Over the past week I have been diligently trying to fix this problem with my machine! I am running Windows ME on a Dell Dimension 8100.

I am using 2 Rambus memory chips of Samsung 128 MB and 2 Rambus chips that Dell provided.

When all 4 are inserted I get the display message:
"Alert! Previous attempts at booting this system have failed at checkpoint {EMem}. For help in resolving this problem please note this chekpoint and contact Dell Technical Support."

When 2 of either kind are in, the computer beeps like crazy, but the screen doesn't show up.

When none are in, it beeps like crazy and the screen doesn't show up.

I am 100% positive that it is not the hard drive. I tested with another hard drive and without a hard drive and the same thing happens on all three. I called Tech Support and was on the phone for almost 2 hours and they said it was most likely the ram which is obvious. ANY information or feedback is welcomed! I am dying to know how to fix this problem! Thank you in advance!


----------



## Blue Zee

a) Have you tried with only the chips that Dell provided?

b) Try replacing the CMOS battery.

c) You will have to face Dell Technical Support...


----------



## ZeRealBigBoss

you say that any set of 2 do give the beeping, which indeed is a memory problem, it might be that either there is an interruption in one of the memory bus lines or that you managed to blow all the memory sticks to hell with handling them when you are statically charged.
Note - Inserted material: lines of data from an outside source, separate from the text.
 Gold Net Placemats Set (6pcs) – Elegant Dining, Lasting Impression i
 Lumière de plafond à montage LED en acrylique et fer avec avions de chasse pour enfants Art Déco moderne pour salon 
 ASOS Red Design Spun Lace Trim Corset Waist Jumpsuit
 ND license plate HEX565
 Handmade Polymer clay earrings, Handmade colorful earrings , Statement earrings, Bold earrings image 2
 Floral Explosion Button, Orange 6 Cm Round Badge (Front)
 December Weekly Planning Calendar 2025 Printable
Try to borrow sticks from someone else, handle them with care and try again. If it still beeps, chances are that your MB has gone over the brink.


----------



## pauliojr

Okay well I tried 2 new sticks and still have a problem. When just the 2 new sticks are in, the screen doesn't come up. When I add 2 other sticks, the same problem comes around. Please help!!


----------



## blues_harp28

Hi have you tried One stick..that Dell provided?


----------



## ZeRealBigBoss

Normally on a mother board the memory sockets are numbered from 0 to 3; some MBs don't care in which the sticks are, some want them used in sequence. Now some reasoning:

- If you put two in, there is heavy beeping, assuming that you did put them in 0 and 1
(You might check whether indeed you stuck them in the right slots). This occurs when there is a memory problem
- The 2 sticks you put in are OK
- If you put four, it gives the EMem message
My guess is that your board definitely wants 0 and 1 as first and that, if it sees 2 and 3 occupied and 0 and 1 not, it gives the error message; combined with the fact that the first two banks apparently do not function with good sticks, I would say that there is a problem with the memory bus of the first bank(s) on the motherboard. That can be a bad soldering joint, e.g. on the memory plugs, or a broken track or maybe your northbridge is broken (that is the integrated circuit that takes care of memory bus access. I had an Asus MB where the northbridge internally shorted after 13 months.). 
Conclusive proof will be if you try the sticks in a different machine; if they work there my theory is correct. Let us know the results, we are curious people.


----------